Three packets of seeds have been shoved at the back of my “everything” drawer for at least four years. Organic beets and peas and wildflowers. Planting is the easy part. Tending takes too much effort.
It was originally meant as an activity for me and my little girls. Start the seeds inside old salad containers and toilet paper rolls. Water them. Watch them grow. Move them outside.
But our plants never made it past the sunporch. They were neglected and so they wilted back into the dirt.
I tucked the unplanted seeds safely in the back of that drawer in the kitchen. They’re in there with the barbeque skewers, toothpicks, the glue gun and some golf balls—favors from my brother’s wedding. (The golf balls, not the glue gun.)
The summers went by and the seeds stayed in the drawer. I would find one rolling around now and then. I would pick it up and wonder what it was for a moment. Because beet seeds look strange.
This year I bought more seeds. I’d forgotten about the ones I already had. I bought herb seeds, and a garden vegetable pack. And yes. More peas.
The kids are older now. They helped me dump the soil in pots.
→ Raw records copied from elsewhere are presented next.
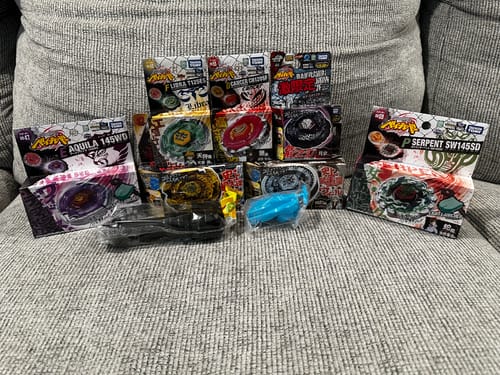 Customer photo review of Takara Tomy Beyblade Mystery Box (Metal Fusion / Fury / Masters) - 7 BEYBLADES + 2 ACCESSORIES!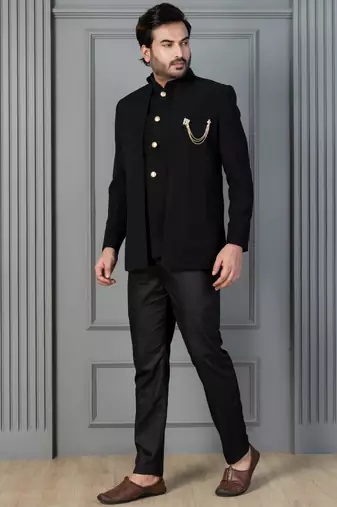 Black premium indowestern set , waist coat and pant set for men with embroidered work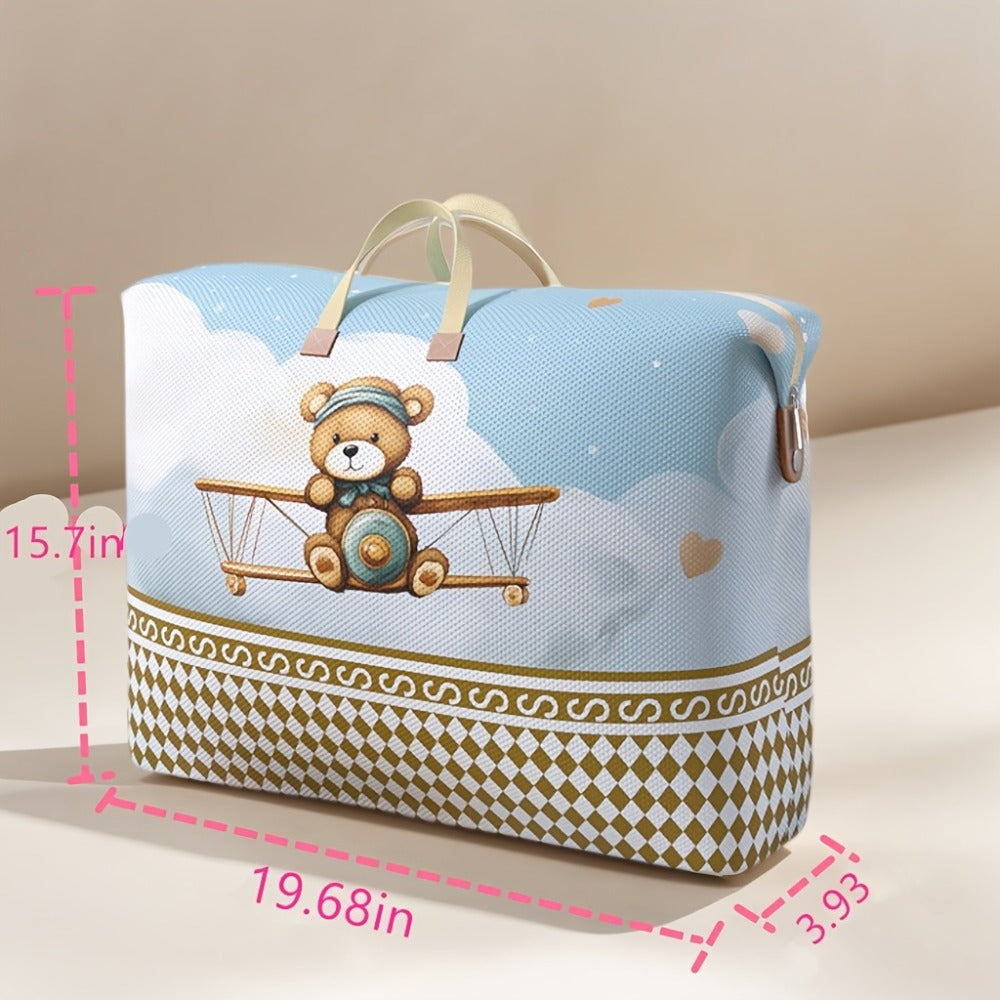 Large Zippered Bedding Storage Bag with Airplane Bear Print, Carry Handles and Exact One-Piece Size Option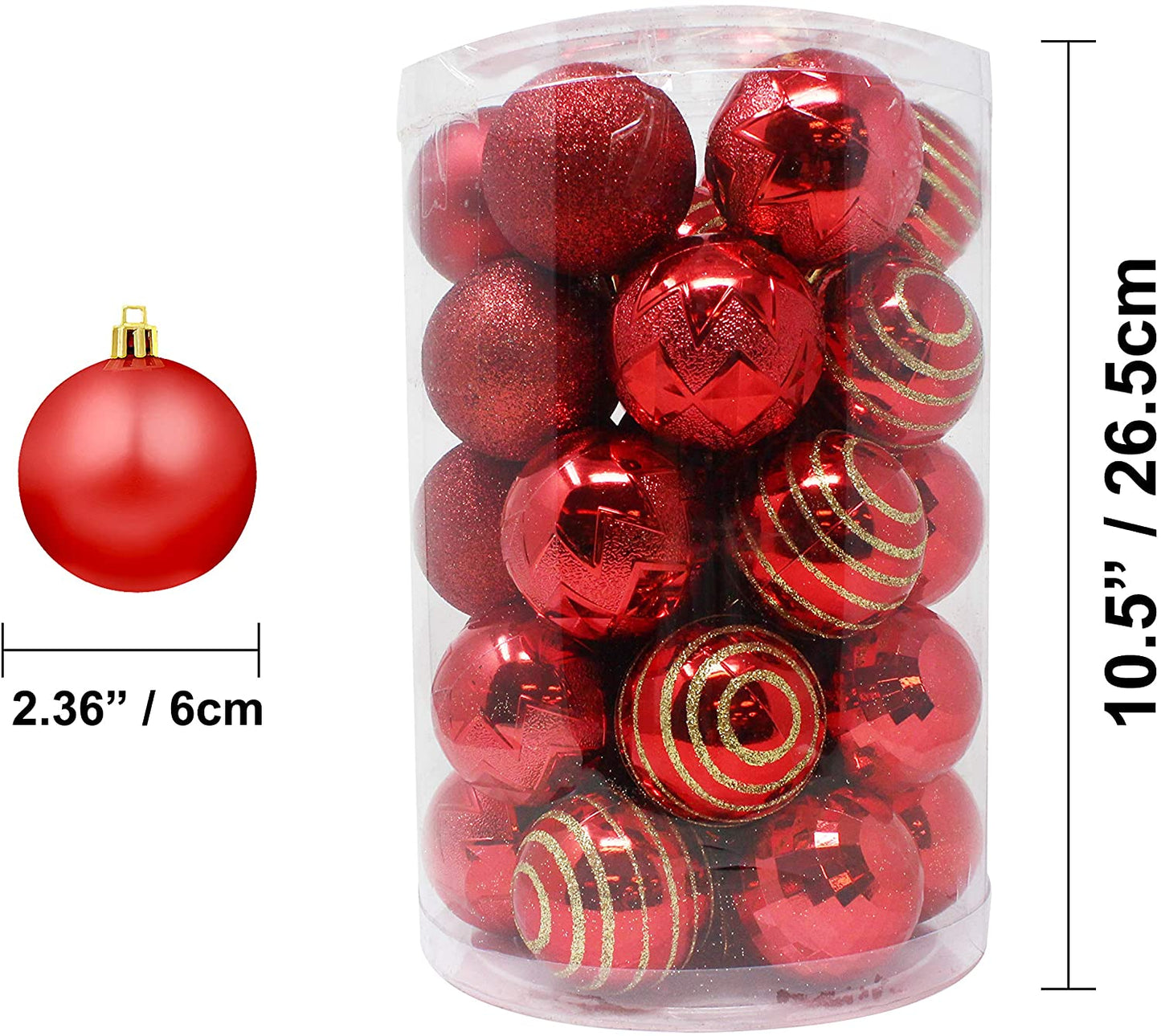 34 Pcs Christmas Ball Ornaments (Red)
They added the seed starting mix by themselves. They put the seeds in the earth with their little fingers and covered them with soil and we watered them together. We all came inside with dirt under our nails and hopes of tomatoes.
We put our pots in the sun.
Two days later, when we checked, we saw that delicate green tendrils had forced themselves up out of the dirt.
I wish I had time to sit and watch the changes. The plants spring up so fast! Their sole purpose is to grow. And so that is what they do.
Soon, they will be food. We will harvest the mature plants, and they will nourish our bodies.
But I can’t help but think now about those seeds scattered at the back of the drawer.
Dormant potential in every one.
The same potential that was inside those that are growing now. The only difference that those in the drawer with the glue gun and the golf balls were never given what they need to grow into what they were destined to become.